The Economist: Birth, death and shopping

The rise and fall of the shopping mall

THE Southdale shopping centre in Minnesota has an atrium, a food court, fountains and acres of parking. Its shops include a Dairy Queen, a Victoria's Secret and a purveyor of comic T-shirts. It may not seem like a landmark, as important to architectural history as the Louvre or New York's Woolworth Building. But it is. “Ohmigod!” chimes a group of teenage girls, on learning that they are standing in the world's first true shopping mall. “That is the coolest thing anybody has said to us all day.”

In the past half century Southdale and its many imitators have transformed shopping habits, urban economies and teenage speech. America now has some 1,100 enclosed shopping malls, according to the International Council of Shopping Centres. Clones have appeared from Chennai to Martinique. Yet the mall's story is far from triumphal. Invented by a European socialist who hated cars and came to deride his own creation, it has a murky future. While malls continue to multiply outside America, they are gradually dying in the country that pioneered them. …


Comments

2 responses to “Birth, death and shopping”

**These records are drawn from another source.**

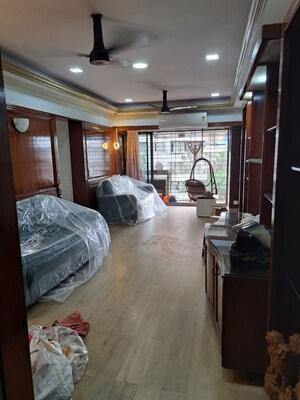 Living Room in 3 BHK Apartment at Meenakshi Apartment, Goregaon East – for Rent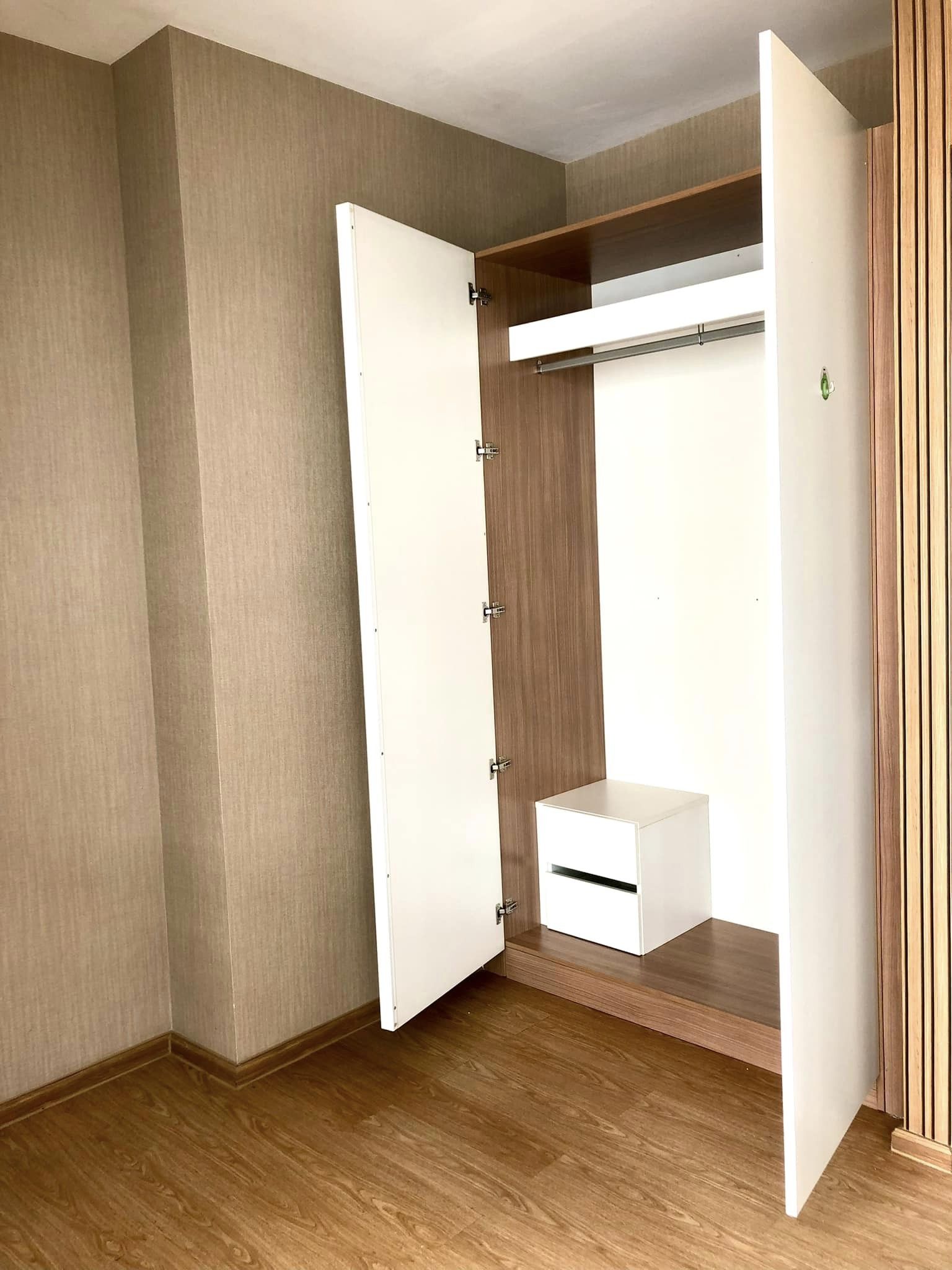 One Plus Nineteen 4 Condominium - Image 9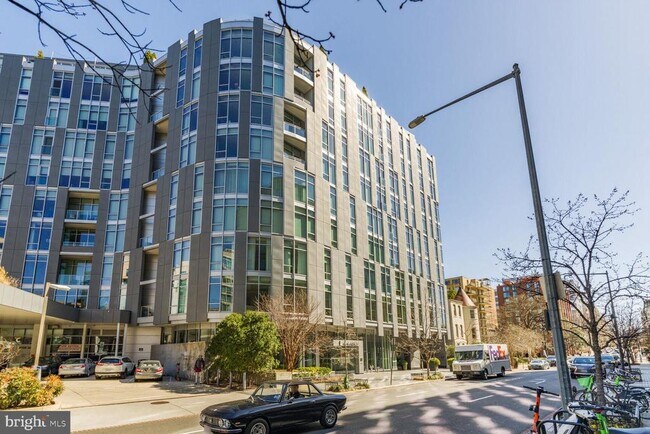 Building Photo - 1177 22nd St NW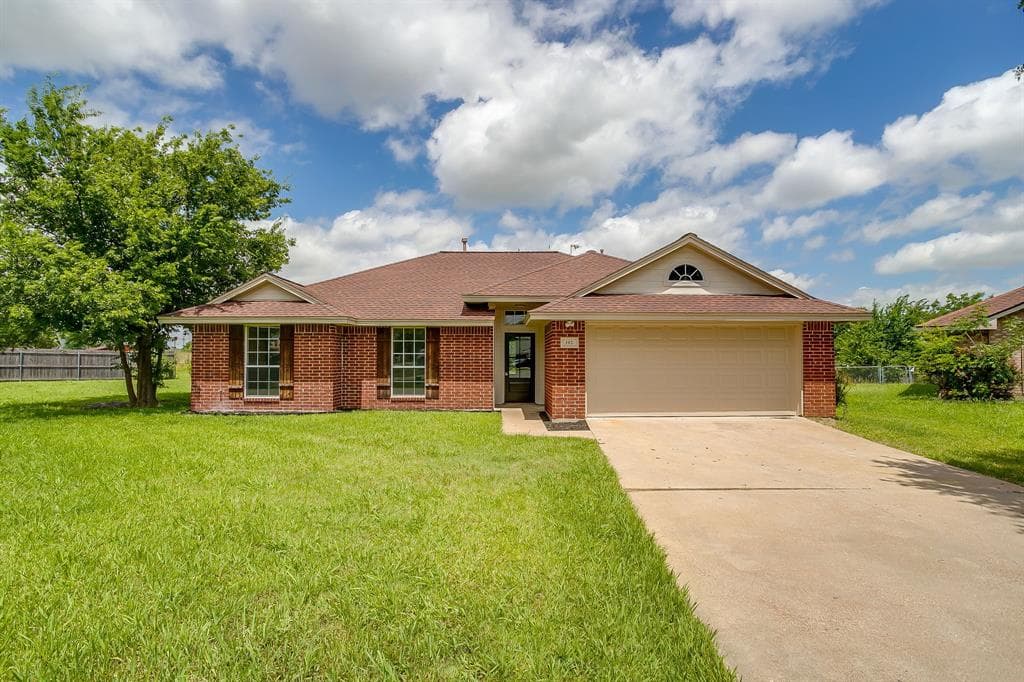 102 Meadow Ridge Dr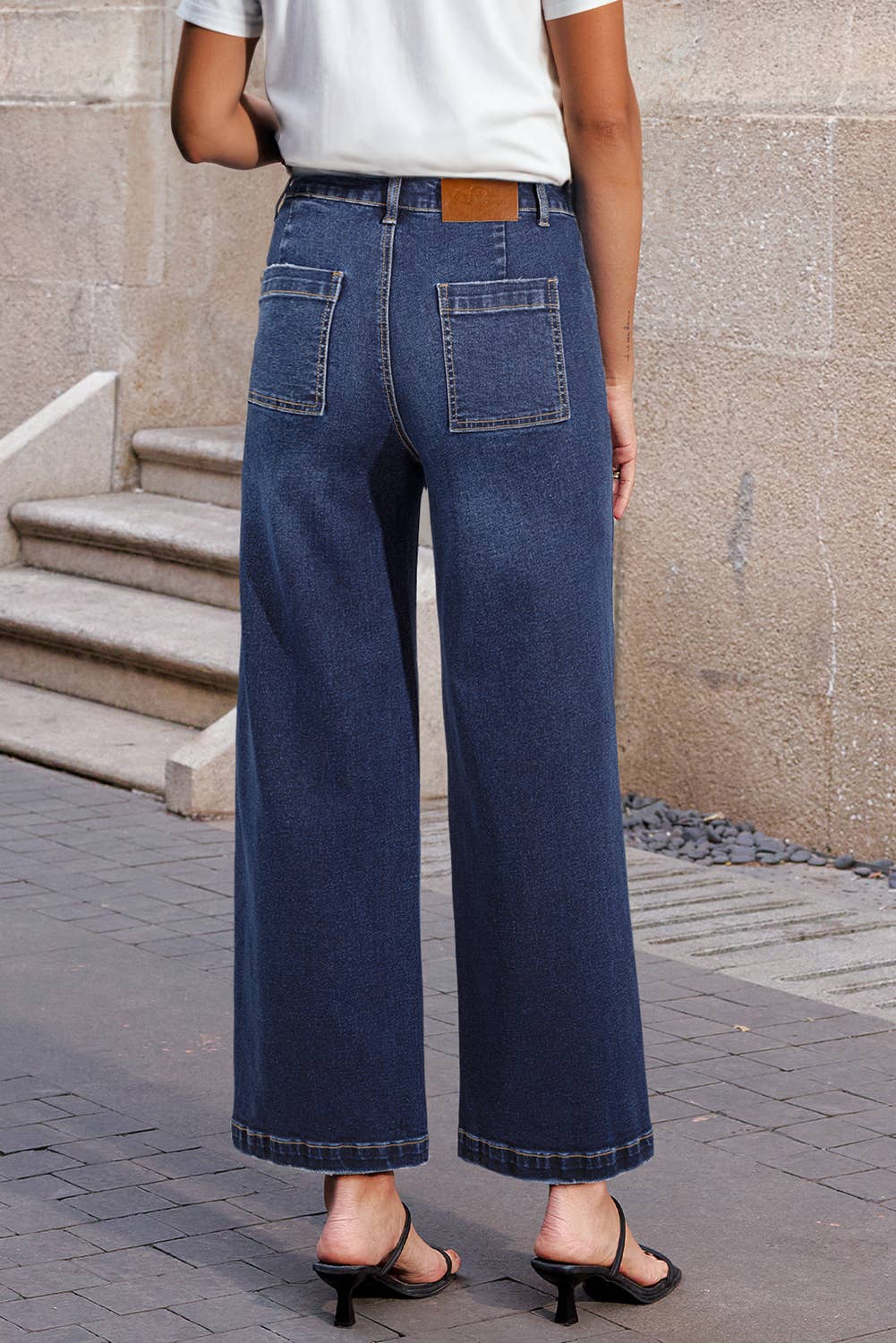 1 the Woman - Mimimalist Patch Pocket Womens Shift Jeans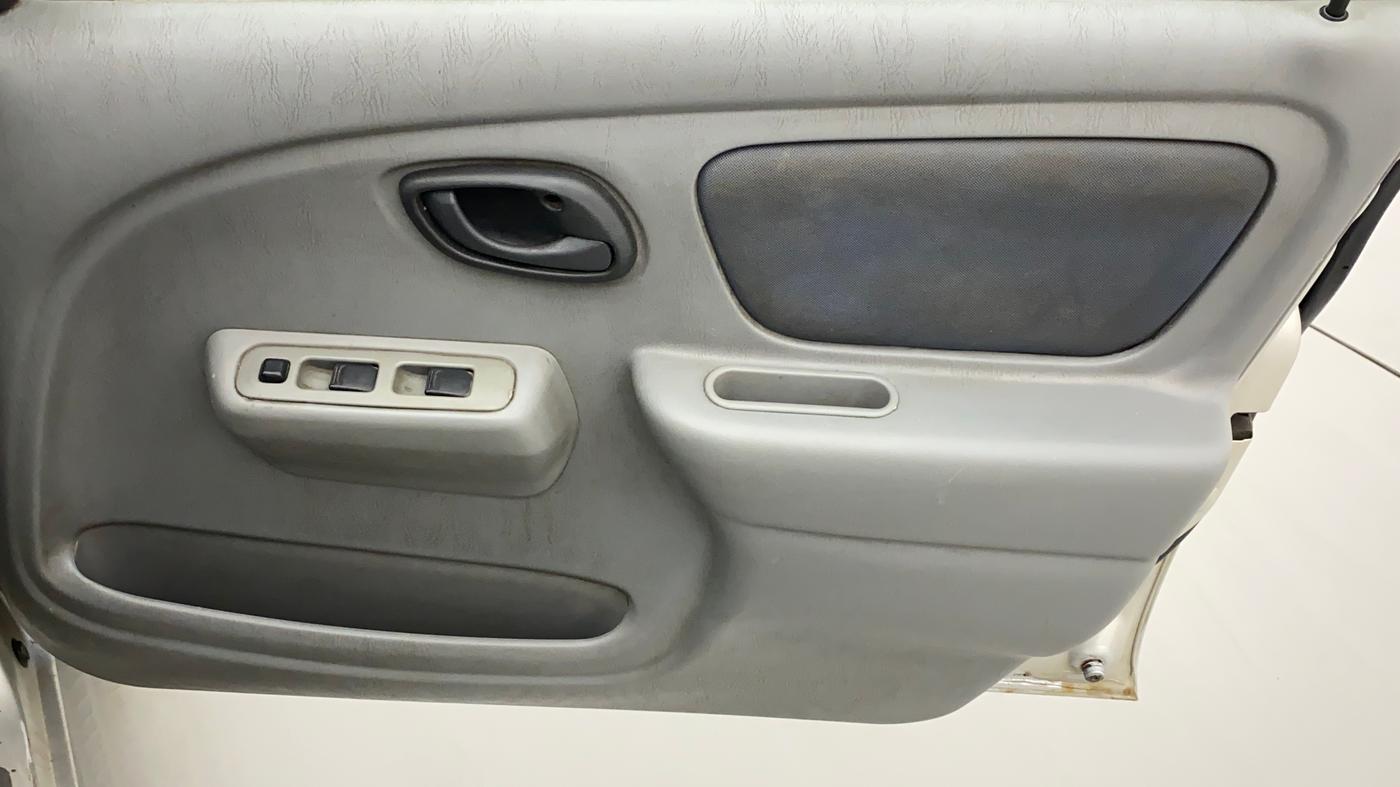 2010 Maruti Alto K10 VXI, Petrol, Manual, 97,701 km, Driver Side Door Panels Control
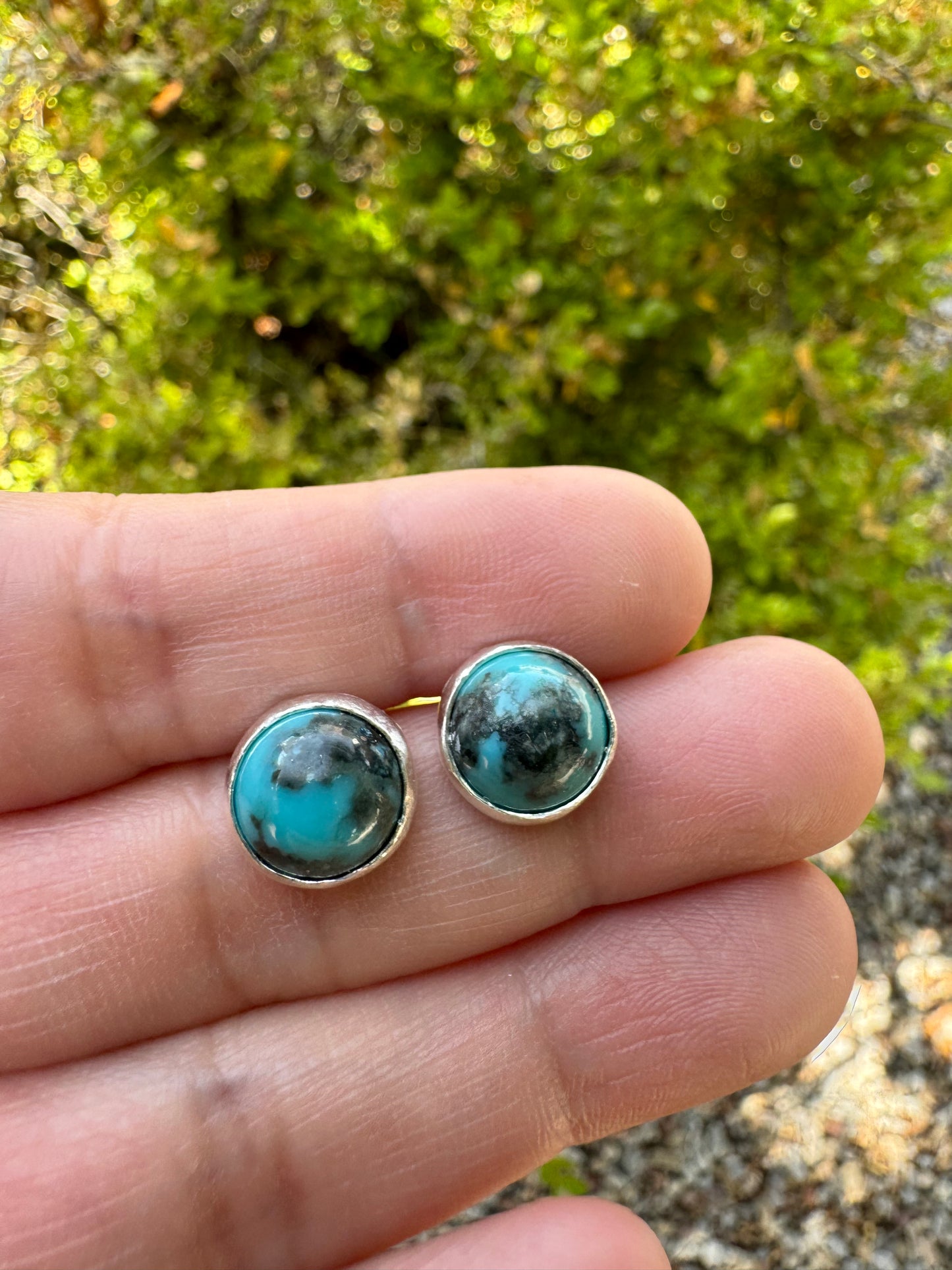 Kingman Turquoise Round Earrings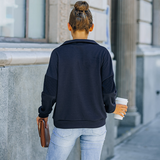Sweat-shirt à col roulé de couleur unie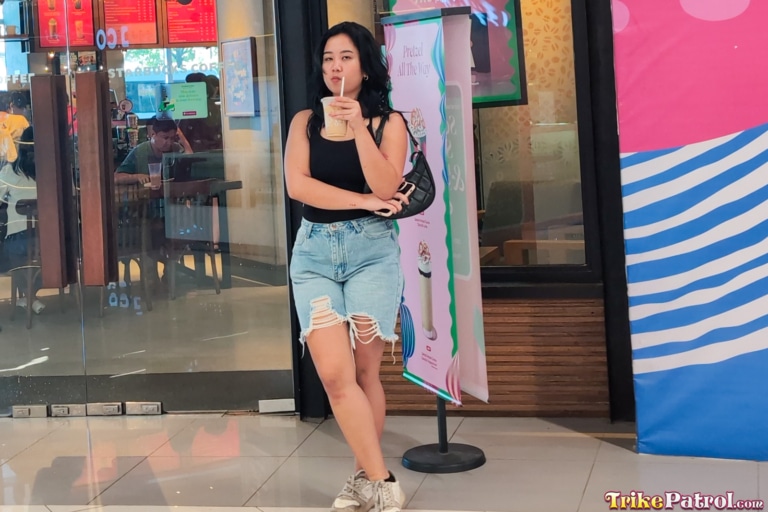 Sexy Filipina waiting to meet hung tourist at Manila cafe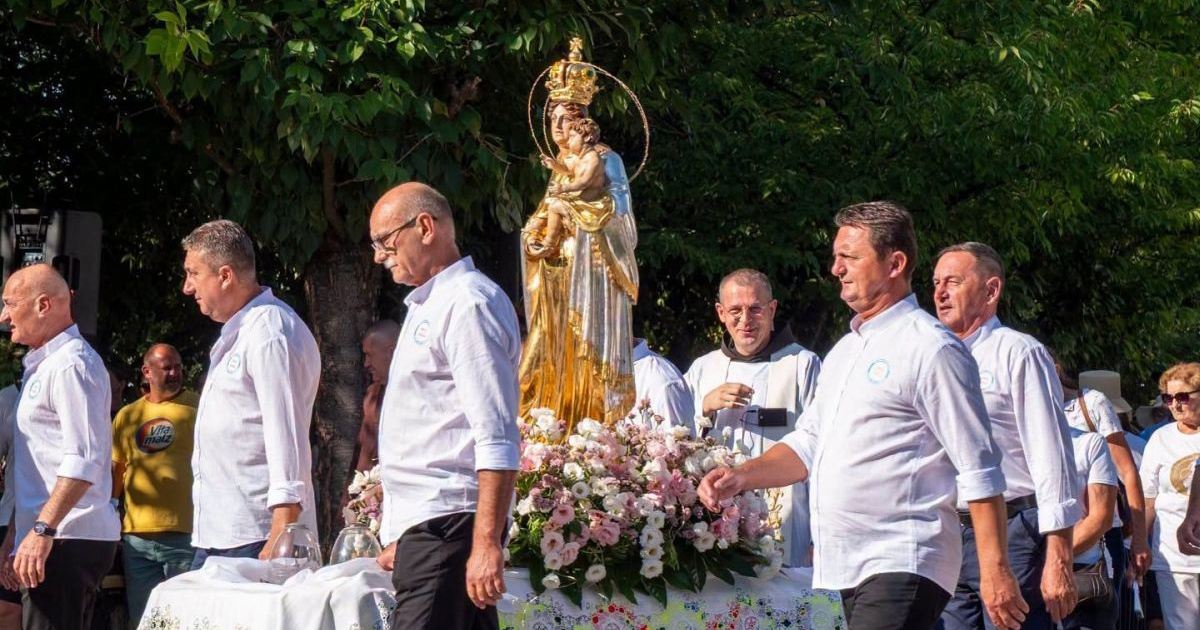 Vrhbosanski nadbiskup: Biti kršćaninom je čast, ali i predana služba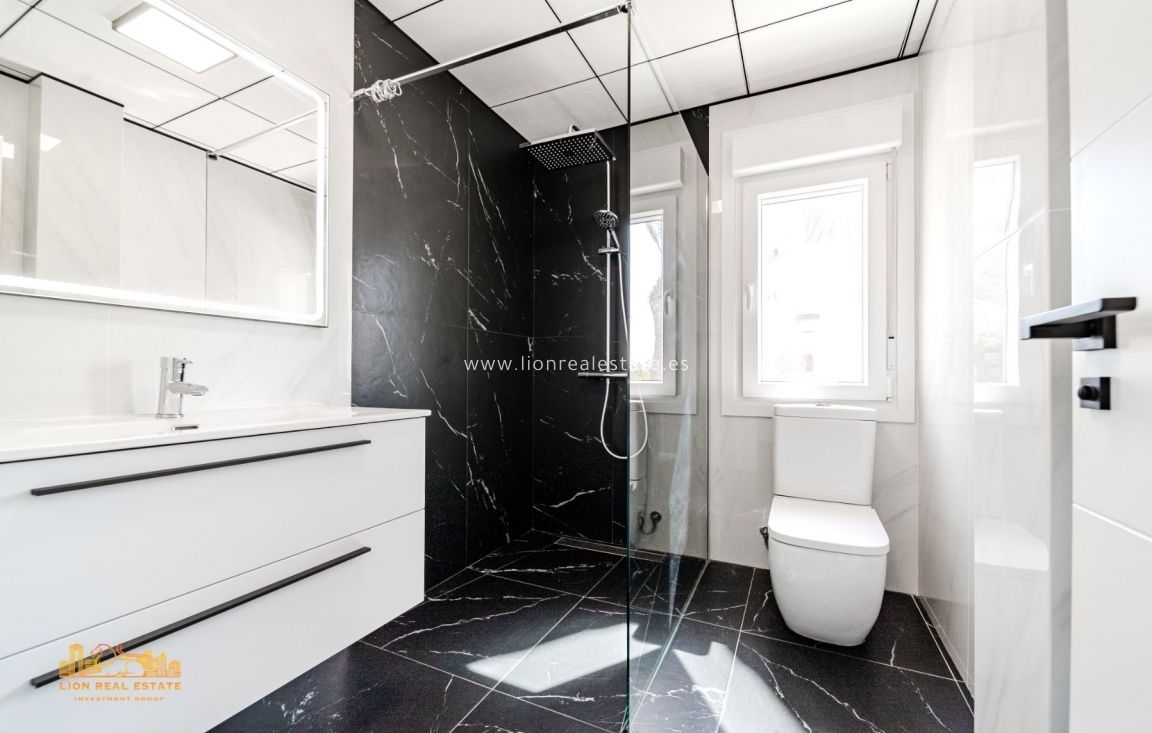 Odsprzedaż - Commercial Unit - Cabo Roig - Costa blanca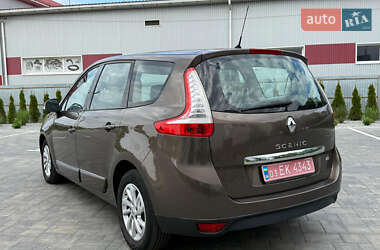 Минивэн Renault Grand Scenic 2012 в 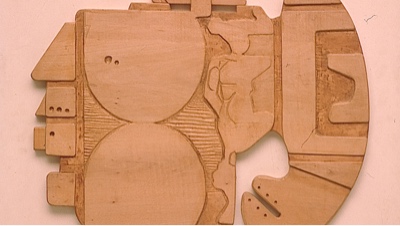 Escultopintura de Romero D. Fran: relieve de madera tallada con formas circulares y geométricas superpuestas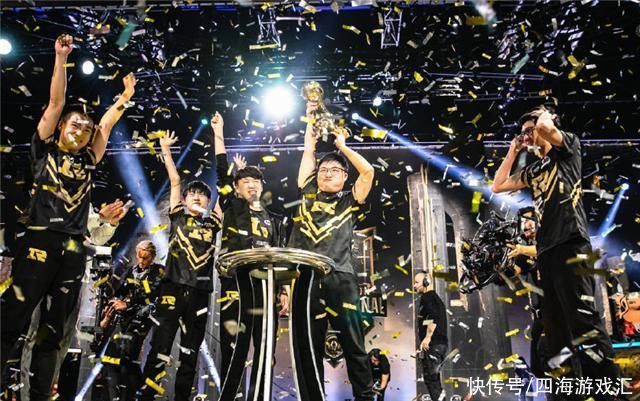 香鍋|違約金3億!香鍋坦言合同到期將下播，終于理解uzI的苦衷了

  1. One of the malls here in Dayton experienced this very thing, where the local community declined, real estate went down and the quality of customers basically hit rock bottom for the stores, so as big names moved out, like Sears and others, libraries, police and other no-name stores moved in, which meant that the owners of the mall paid more the maintain the building than they brought in revenues so they tore the mall down.

  2. Thirty years ago the Kansas City area had at least nine vibrant indoor malls. (A tenth has been added.) Today, two have been demolished. KC government as about to take action to demolish a third one. Two more are virtually vacant. Only three are fully occupied and vibrant.